It was 71 degrees F, partly cloudy, the clouds in long, slightly tilted horizontal lines,
wind NE 6 mph at about 8:20 am. Having seen the royal catchfly in bloom on south “First Street” and behind the Natural Resources Building,
knew it was time to seek the regal plant in the Spomer Prairie
of Meadowbrook Park, and rode south on Race Street to that destination. Tried not to take pictures of other sights, but succumbed to the large number of robins on the lawn between the pavilion and the entrance to the prairie.
Also checked the water level at the wooden bridge over McCullough Creek: some still flowed over the black cherry root that traverses the stream.
Baptisia, mostly with green pods,
yellow coneflower, rattlesnake master,
and ironweed in bud.
Several male red-winged blackbirds scuffled over a piece of prairie territory.
And, in the usual place, were the flaming red stars of royal catchfly!
There were not many, but I think they were just getting started!
It was 61 degrees F, clear, wind NE 6 mph at 5:20 am as I rode south to Windsor Road and then west,
with a destination of Porter Park and maybe parts farther west. Stopped at the neglected City of Champaign Prairie Restoration,
where the occasional native plant (Baptisia, rattlesnake master, yellow coneflower,
and also the amazing lead plant, past bloom but with healthy foliage)
held forth among the exotic invasives.
Saw a bunch of geese near the pond of The Ponds of Windsor. Not a huge number but plenty.
West of Staley Road, where there was no bike lane, took the back way through subdivisions. Not much for scenery but safer than riding for that stretch on Windsor, though even there the Sunday morning traffic was not bad.

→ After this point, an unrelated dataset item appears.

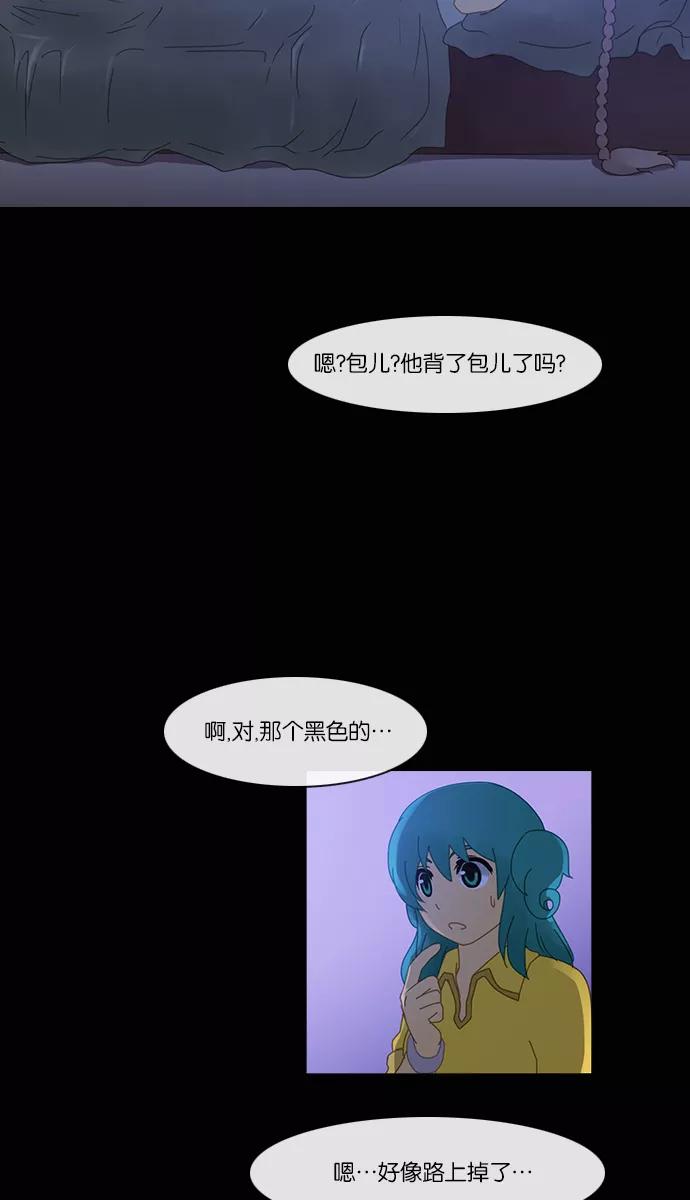 《库佩拉》[第2部] 第64话 冰冻的眼泪（7） 第14页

Porter Park was abloom with yellow coneflower, tick trefoil,
nice patches of healthy purple coneflower,
and other less common species: Culver’s root,
and even compass plant. There were common milkweed with both blooms and pods.
In the pond were lots of water lily pads, maybe two species, and a few closed buds.
Along the shore near the fishing pier were vervain and swamp milkweed.
Purple martin houses put up by the Park District (I wonder what they use in the wild) were busy with twittering residents.
The park is close to residential subdivisions and gets crowded with people enjoying the trails through the park, but on this Sunday morning it was beautifully quiet.
Found a nest (robin?) on a low branch.
Then headed west on Windsor, through the green corn (some starting to tassel)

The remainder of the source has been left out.